A pilot trip will take place next June, and the program will be fully implemented in 2027. The expeditions will be led by guides from Chewonki, a Wiscasset-based environmental education organization that has been leading wilderness trips for the past century. 

The students will camp in small groups along different sections of the river to ensure minimal environmental impact.

Dinsmore and Gerard said that while there are nature programs throughout the state in which students get an opportunity to explore the Maine wilderness, there is nothing quite like this three-day expedition.

“We hope there are more opportunities like this for students across the state, but in terms of three nights and two days on the Allagash, and the collaborative nature of going on the river, I don’t think there’s anything like it,” Dinsmore said.

The Allagash Wilderness Waterway stretches 92 miles and flows through the ancestral lands of the Wabanaki people who lived and fished in the area for thousands of years. While traversing it, students can study ecology and history, learn about the state’s logging heritage, and encounter wildlife, including moose and loons. 
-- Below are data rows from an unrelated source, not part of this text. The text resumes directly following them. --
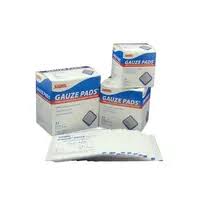 Sterile Gauze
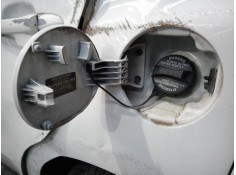 Recambio de tapa exterior combustible para kia rio concept referencia OEM IAM    2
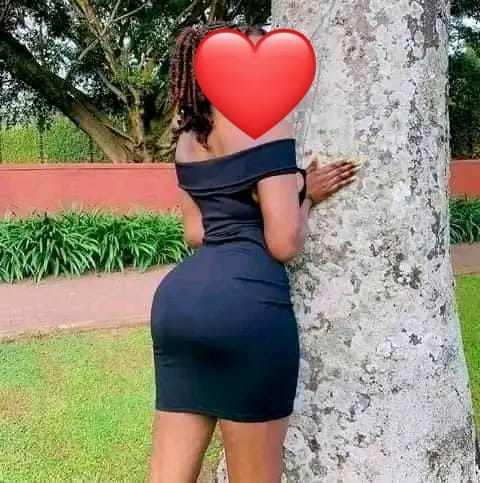 Josphine companion profile photo in Homabay town, Homa Bay Kenya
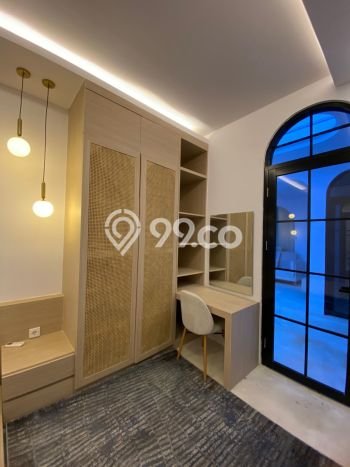 Dijual Vila di , Ukuran 129m2m², Akses ke transportasi Dijual Vila di , Ukuran 129m2m², Akses ke transportasi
The foundation believes the program is incredibly important to the St. John Valley, and hopes they can sustain it for years to come, Dinsmore said.

“It is something, as a foundation, that is really meaningful for us to do — finding a way to give back to the St. John Valley and making sure that students and families in the St. John Valley fully realize how important the Allagash is,” he said.